== Segment start ==
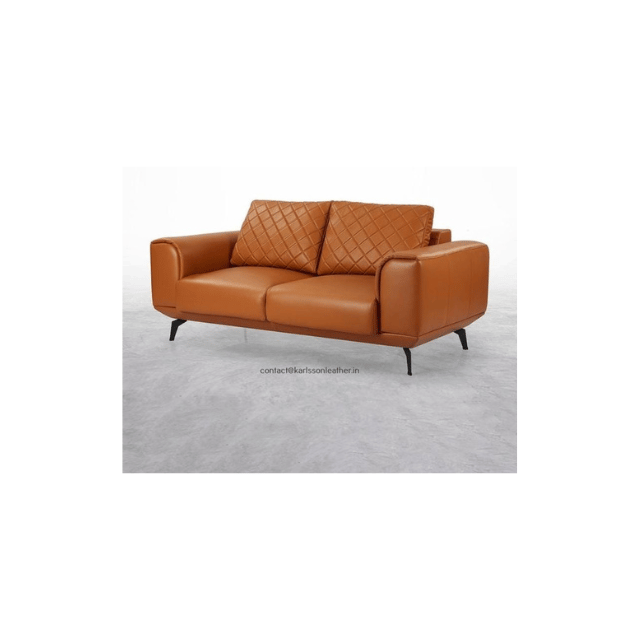 3 Seater Sofa Set for Living Room, Light Brown Color
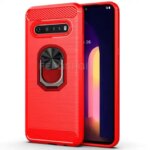 TPU Carbon Fiber Cover LG K50s K50 G8X V30S V35 V40 V50 Q70 G7 G8 V60 ThinQ 5G Stylo 6 5 Q60 Magnetic St Protective Cover (New)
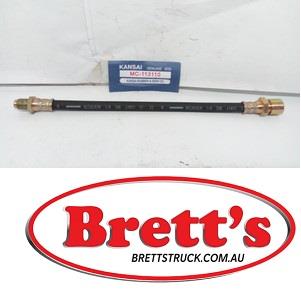 BH23148F CLUTCH HOSE PRESSURE LINE GUTS MITSUBISHI CANTER FE434 FE444 L= 280MM CE0714 SUPREME FITINP BH23148 MITSUBISHI FUSO MC113110 10/1990-1995 MODELS FE334 FE339 FE444 FE439 FE449
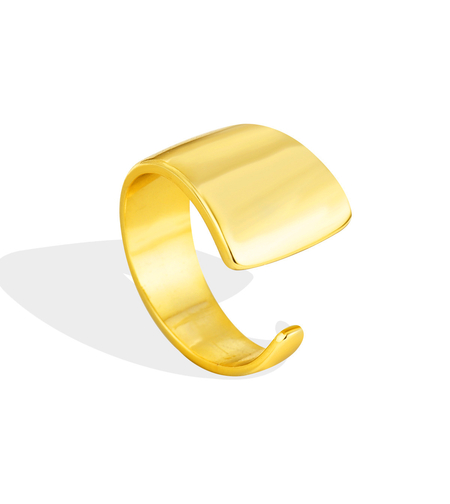 Пръстен жълто позлатяване 2405112600601 | Колекция Desert Shine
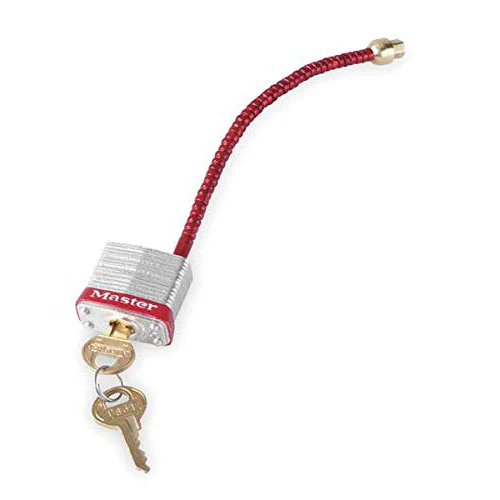 MasterLock 7C5RED Circuit Breaker Compact Cable Lock For Lockouts - Mactool Shop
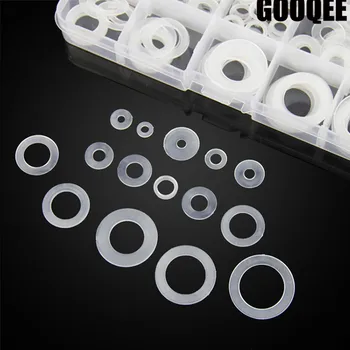 

250pcs/lots M3.5-M20 Soft nylon washers plastic washers insulation washers plumbing leakproof gaskets set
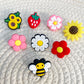 Flower, Bees,  Strawberrie Straw Toppers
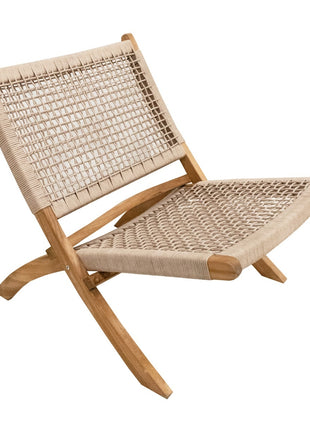 Lombok Loungestoel Zand model 2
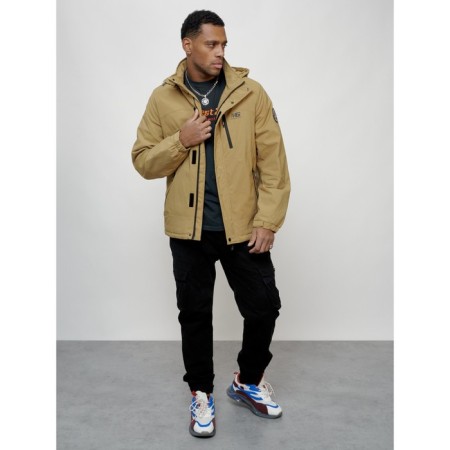 Sports male jacket, size 52, beige color-12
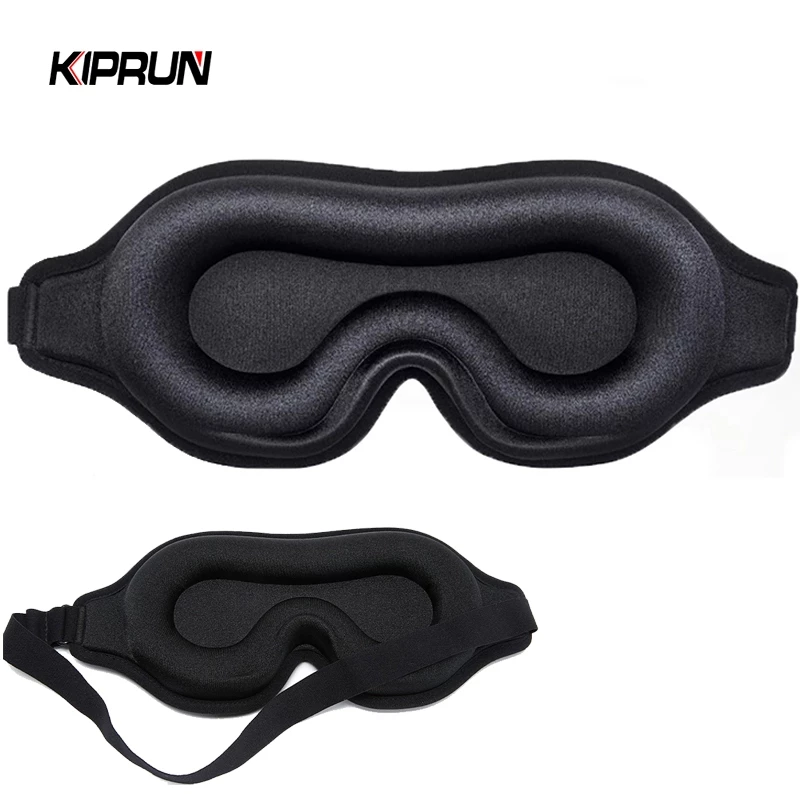Kiprun หน้ากากปิดตา โฟมเมมโมรี่ 3D ปิดทึบแสง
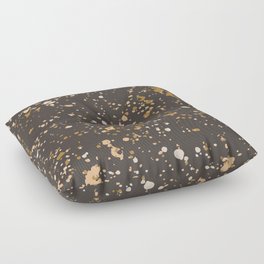river rocks Floor Pillow | Caramel, Digital, Curated, Charcoal, Speckles, Abstract, Saffron, Boho, Specks, Drawing 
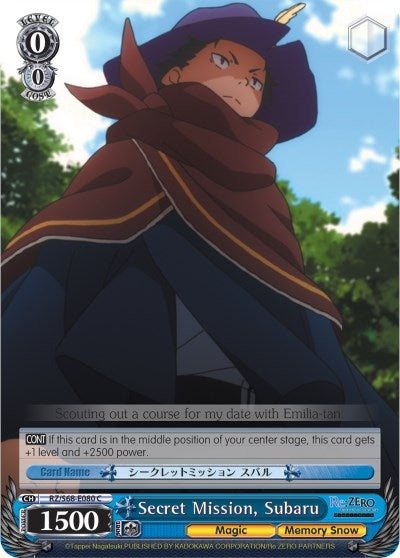 Secret Mission Subaru (68080) [RZ/S68] - Weiss Schwarz Single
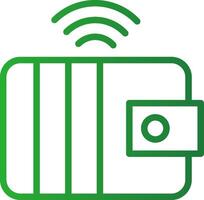 Smart Wallet Creative Icon Design vector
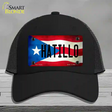 Hatillo Puerto Rico Flag Novelty License Plate Hat Mesh / Black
== Segment end ==
* [Activity]: Once the line containing "Пръстен жълто позлатяване" is found in the records above, it and every line after it up to the last must be repeated exactly, without pictures.

* [Written reply]:
 Пръстен жълто позлатяване 2405112600601 | Колекция Desert Shine
 MasterLock 7C5RED Circuit Breaker Compact Cable Lock For Lockouts - Mactool Shop

250pcs/lots M3.5-M20 Soft nylon washers plastic washers insulation washers plumbing leakproof gaskets set
 Flower, Bees,  Strawberrie Straw Toppers
 Lombok Loungestoel Zand model 2
 Sports male jacket, size 52, beige color-12
Kiprun หน้ากากปิดตา โฟมเมมโมรี่ 3D ปิดทึบแสง
river rocks Floor Pillow | Caramel, Digital, Curated, Charcoal, Speckles, Abstract, Saffron, Boho, Specks, Drawing 
 Secret Mission Subaru (68080) [RZ/S68] - Weiss Schwarz Single
 Smart Wallet Creative Icon Design vector
 Hatillo Puerto Rico Flag Novelty License Plate Hat Mesh / Black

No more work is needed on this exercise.